大会長挨拶

 第110回日本医学物理学会学術大会を2015年9月18日(金)から20日(日)の3日間にわたって、北海道大学医学部学友会館フラテで開催いたします。本大会のメインテーマは「医学物理の未来を語ろう!―学術融合による新たな展開―」で、広い医学物理の領域を再認識し輝かしい未来を想像したいと考えています。2010年に日本医学物理学会では「医学物理学とはどのような学問か?」と問いかけ、「物理工学の知識・成果を医学に応用・活用する学術分野」であると定義し、診断物理学、核医学物理学、治療物理学、放射線防護・安全管理学、基礎医学物理学など、診断・治療の発展に貢献することにより、人類の健康に寄与する領域を積極的に取り込むとしています(日本医学物理学会ホームページ)。本大会では、医学物理学のそれぞれの領域の専門家が互いの領域を知ることで、新たな学術融合が生まれさらに発展することを期待した企画を準備しました。

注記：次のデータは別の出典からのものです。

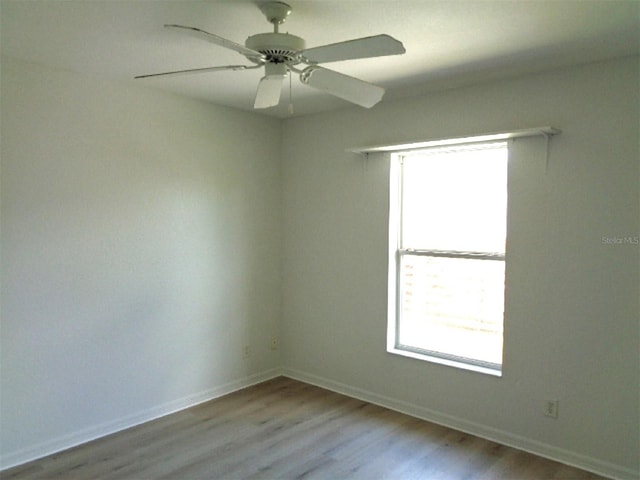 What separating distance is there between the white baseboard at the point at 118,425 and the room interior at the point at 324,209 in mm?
13

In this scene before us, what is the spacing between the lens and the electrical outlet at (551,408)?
3062 mm

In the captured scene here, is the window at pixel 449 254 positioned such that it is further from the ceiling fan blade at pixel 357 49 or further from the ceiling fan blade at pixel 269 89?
the ceiling fan blade at pixel 357 49

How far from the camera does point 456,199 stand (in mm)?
3578

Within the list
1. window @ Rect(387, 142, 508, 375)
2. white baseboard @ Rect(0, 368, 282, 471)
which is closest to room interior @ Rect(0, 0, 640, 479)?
white baseboard @ Rect(0, 368, 282, 471)

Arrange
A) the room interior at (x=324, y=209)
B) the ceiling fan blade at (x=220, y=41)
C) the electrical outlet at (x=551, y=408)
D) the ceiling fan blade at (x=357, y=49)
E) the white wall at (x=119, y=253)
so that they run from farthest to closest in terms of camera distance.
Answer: the electrical outlet at (x=551, y=408) → the white wall at (x=119, y=253) → the room interior at (x=324, y=209) → the ceiling fan blade at (x=357, y=49) → the ceiling fan blade at (x=220, y=41)

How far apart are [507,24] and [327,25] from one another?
893 millimetres

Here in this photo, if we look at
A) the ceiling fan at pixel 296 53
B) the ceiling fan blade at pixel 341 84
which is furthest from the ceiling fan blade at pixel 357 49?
the ceiling fan blade at pixel 341 84

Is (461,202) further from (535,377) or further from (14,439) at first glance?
(14,439)

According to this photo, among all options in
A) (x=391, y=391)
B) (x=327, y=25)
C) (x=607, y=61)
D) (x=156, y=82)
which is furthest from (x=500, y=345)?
(x=156, y=82)

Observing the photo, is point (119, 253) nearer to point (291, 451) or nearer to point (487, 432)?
point (291, 451)

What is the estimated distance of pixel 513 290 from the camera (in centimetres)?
323

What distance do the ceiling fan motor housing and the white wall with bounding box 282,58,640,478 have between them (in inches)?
70.7

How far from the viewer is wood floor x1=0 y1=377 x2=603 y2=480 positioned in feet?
9.45

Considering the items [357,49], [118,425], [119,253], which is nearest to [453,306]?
[357,49] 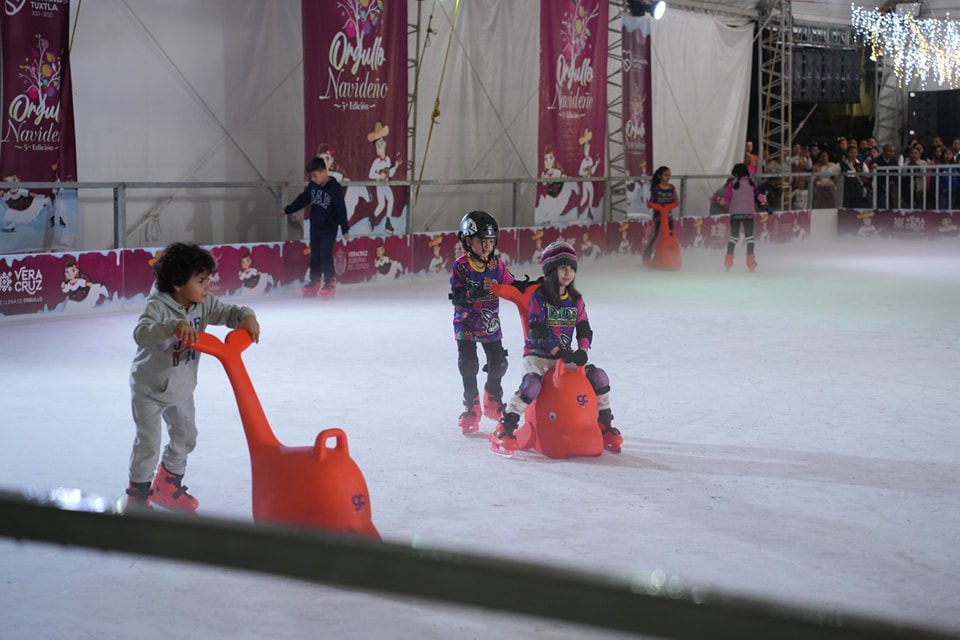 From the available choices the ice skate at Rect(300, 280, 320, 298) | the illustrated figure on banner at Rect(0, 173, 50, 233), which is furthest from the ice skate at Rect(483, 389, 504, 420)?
the ice skate at Rect(300, 280, 320, 298)

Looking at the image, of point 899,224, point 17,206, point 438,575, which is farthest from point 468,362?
point 899,224

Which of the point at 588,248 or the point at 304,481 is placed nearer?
the point at 304,481

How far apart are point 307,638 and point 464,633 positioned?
438 millimetres

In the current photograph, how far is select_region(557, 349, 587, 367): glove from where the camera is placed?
18.0 ft

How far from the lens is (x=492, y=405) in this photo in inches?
252

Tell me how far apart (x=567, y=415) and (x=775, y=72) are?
61.8 ft

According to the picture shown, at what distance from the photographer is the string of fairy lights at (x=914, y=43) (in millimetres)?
24500

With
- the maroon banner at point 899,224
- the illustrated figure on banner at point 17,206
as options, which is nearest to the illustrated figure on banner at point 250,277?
the illustrated figure on banner at point 17,206

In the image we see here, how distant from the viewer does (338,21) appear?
42.2ft

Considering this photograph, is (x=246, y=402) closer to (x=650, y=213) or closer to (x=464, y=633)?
(x=464, y=633)

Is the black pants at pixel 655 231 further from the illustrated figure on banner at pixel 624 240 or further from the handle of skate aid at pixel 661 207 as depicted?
the illustrated figure on banner at pixel 624 240

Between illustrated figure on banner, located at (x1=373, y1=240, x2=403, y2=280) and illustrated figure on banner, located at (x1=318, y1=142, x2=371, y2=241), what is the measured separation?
0.53 meters

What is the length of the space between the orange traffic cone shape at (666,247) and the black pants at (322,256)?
5127 millimetres

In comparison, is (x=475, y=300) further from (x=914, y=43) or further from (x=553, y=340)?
(x=914, y=43) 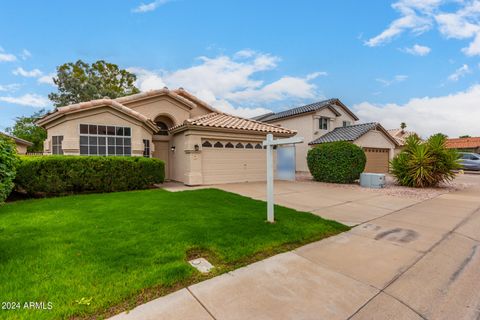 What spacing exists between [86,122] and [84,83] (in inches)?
869

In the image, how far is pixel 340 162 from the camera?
1345 cm

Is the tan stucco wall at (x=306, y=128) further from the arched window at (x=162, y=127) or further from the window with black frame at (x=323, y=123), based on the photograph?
the arched window at (x=162, y=127)

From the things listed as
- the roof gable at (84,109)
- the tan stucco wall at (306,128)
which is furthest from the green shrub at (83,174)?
the tan stucco wall at (306,128)

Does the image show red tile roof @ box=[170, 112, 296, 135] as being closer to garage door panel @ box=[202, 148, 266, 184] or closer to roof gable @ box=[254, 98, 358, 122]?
garage door panel @ box=[202, 148, 266, 184]

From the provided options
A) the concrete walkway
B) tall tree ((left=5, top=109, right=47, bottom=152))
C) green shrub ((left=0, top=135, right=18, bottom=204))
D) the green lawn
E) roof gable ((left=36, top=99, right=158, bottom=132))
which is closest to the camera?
the concrete walkway

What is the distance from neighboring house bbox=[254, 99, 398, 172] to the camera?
19922 millimetres

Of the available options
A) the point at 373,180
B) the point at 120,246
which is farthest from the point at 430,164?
the point at 120,246

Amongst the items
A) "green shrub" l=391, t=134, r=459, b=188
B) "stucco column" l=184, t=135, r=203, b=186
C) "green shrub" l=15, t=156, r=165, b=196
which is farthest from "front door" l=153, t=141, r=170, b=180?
"green shrub" l=391, t=134, r=459, b=188

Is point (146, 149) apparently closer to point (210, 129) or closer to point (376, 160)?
point (210, 129)

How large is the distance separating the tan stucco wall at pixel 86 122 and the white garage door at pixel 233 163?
141 inches

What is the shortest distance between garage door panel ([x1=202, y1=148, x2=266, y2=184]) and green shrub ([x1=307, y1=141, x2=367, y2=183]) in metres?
3.68

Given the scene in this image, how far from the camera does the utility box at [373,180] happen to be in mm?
11781

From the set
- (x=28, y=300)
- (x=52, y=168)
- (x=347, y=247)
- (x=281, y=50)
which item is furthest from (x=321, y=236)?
(x=281, y=50)

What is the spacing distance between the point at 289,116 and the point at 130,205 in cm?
1887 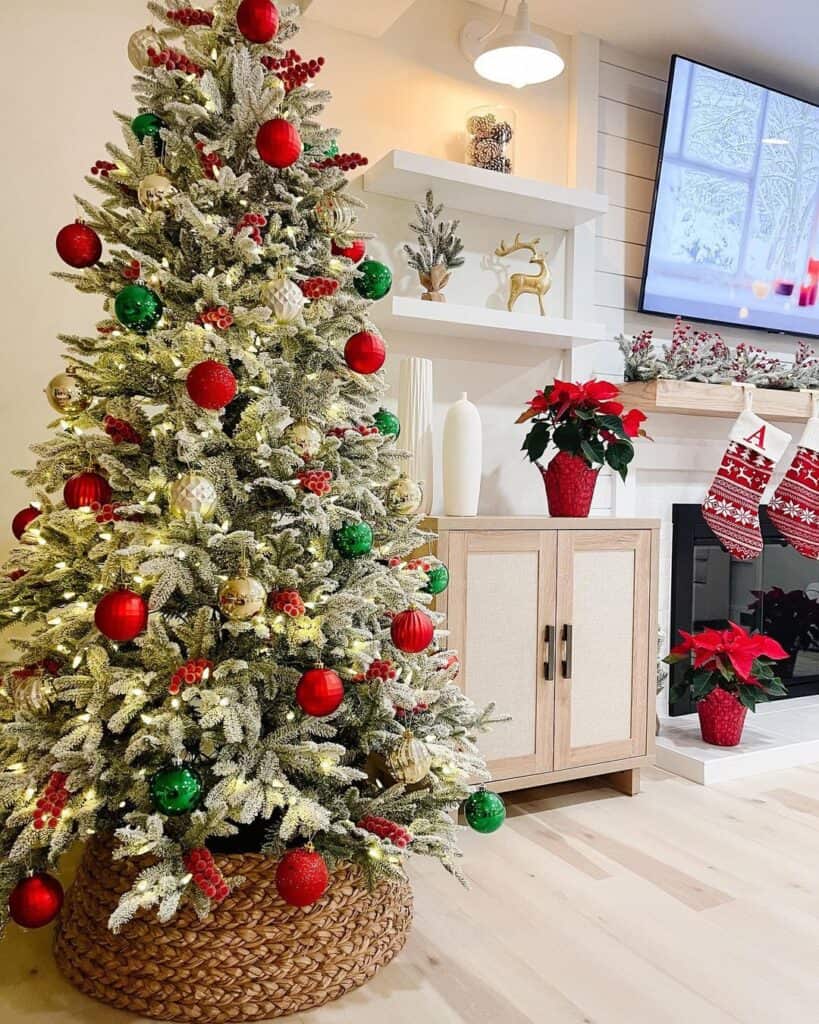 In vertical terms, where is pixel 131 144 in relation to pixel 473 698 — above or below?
above

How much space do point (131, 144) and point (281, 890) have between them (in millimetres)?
1333

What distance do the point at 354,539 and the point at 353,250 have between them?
1.92ft

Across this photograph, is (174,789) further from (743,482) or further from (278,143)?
(743,482)

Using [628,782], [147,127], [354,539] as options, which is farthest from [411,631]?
[628,782]

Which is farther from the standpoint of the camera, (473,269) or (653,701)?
(473,269)

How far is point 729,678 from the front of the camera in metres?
2.69

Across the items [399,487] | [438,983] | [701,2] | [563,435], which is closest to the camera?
[438,983]

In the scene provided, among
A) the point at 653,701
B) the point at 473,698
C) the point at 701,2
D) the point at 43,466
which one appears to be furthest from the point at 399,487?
the point at 701,2

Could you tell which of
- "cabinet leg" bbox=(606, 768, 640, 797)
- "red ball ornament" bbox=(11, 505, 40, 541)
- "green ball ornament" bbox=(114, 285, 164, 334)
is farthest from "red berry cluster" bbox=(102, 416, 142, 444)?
"cabinet leg" bbox=(606, 768, 640, 797)

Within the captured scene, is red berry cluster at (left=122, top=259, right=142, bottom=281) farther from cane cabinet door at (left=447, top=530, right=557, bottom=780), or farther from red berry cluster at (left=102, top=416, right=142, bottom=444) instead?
cane cabinet door at (left=447, top=530, right=557, bottom=780)

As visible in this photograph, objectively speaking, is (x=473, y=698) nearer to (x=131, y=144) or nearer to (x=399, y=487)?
(x=399, y=487)

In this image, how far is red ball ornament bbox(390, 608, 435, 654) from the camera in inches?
59.5

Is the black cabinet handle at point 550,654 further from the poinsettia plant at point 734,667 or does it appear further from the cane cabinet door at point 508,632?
the poinsettia plant at point 734,667

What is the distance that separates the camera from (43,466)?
1590 mm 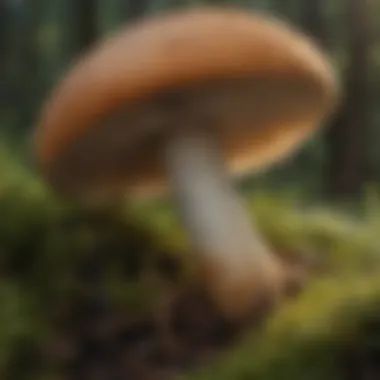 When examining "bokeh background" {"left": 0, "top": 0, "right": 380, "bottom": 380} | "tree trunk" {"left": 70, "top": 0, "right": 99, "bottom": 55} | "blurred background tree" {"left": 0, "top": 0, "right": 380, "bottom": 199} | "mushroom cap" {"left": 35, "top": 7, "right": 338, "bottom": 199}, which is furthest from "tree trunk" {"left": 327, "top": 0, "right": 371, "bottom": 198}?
"mushroom cap" {"left": 35, "top": 7, "right": 338, "bottom": 199}

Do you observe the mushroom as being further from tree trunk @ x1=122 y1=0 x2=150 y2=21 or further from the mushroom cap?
tree trunk @ x1=122 y1=0 x2=150 y2=21

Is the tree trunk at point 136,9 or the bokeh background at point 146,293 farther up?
the tree trunk at point 136,9

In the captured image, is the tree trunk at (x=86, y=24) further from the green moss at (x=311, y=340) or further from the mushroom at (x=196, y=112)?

 シンポジウム「診断と治療の融合技術」では、診断機器のMRIと治療機器のLinacの融合機器開発などを取り上げ、シンポジウム「医学物理の国際的コラボレーション」では、国内大学・研究所の国際的な学術融合をご紹介いただきます。さらに、診断領域の理解も深めていただきたく、特別セッション「診断領域におけるイノベーション」では、X線CT、核医学、超音波の斯界の権威をお招きし解説していただきます。また、国際セッション「世界で活躍する診断系医学物理士」ではMRIなどを専門とする医学物理士を海外より招き、放射線防護も含め日本ではなじみの薄い診断系医学物理士業務についてお話いただきます。また、特別講演「マルチスケールX線技術」では、医学物理学の要のひとつであるX線を取り上げ、細胞をナノレベルで見る技術、生体組織での相互作用のシミュレーション、μCTなどについて北海道大学を代表する研究者よりご講演いただきます。シンポジウム「粒子線治療技術の最前線」では、重粒子線、陽子線、BNCTに関する最先端技術をお話いただきます。

 第105回大会以降の春の大会で推進されてきた国際化を継承し、今回より秋の大会でも一般演題の発表スライドの全面英語化に踏み切りました。さらに、来春の第111回大会より演題登録時に倫理承認を得た研究であることを課す予定ですが、本大会の基礎講座「研究を行うために」では、研究倫理について専門家よりご説明いただきます。また、この基礎講座では、Radiological Physics and Technology誌の副編集長より投稿論文に見られる改善すべき事項なども含め研究の進め方をお話しいただき、さらに、大学ではない組織に所属の医学物理士の方から科学研究費取得についてご講演いただきます。

 9月の札幌は秋を迎える直前で心地よい気候です。大会の合間に訪れることのできる観光スポットも多く、新鮮なお食事もお楽しみいただけます。本大会で学術的に充実した頭をほぐしていただければと思います。

 多数の皆様にご参加いただき、医学物理の明るい未来を語る場になることを心より願っております。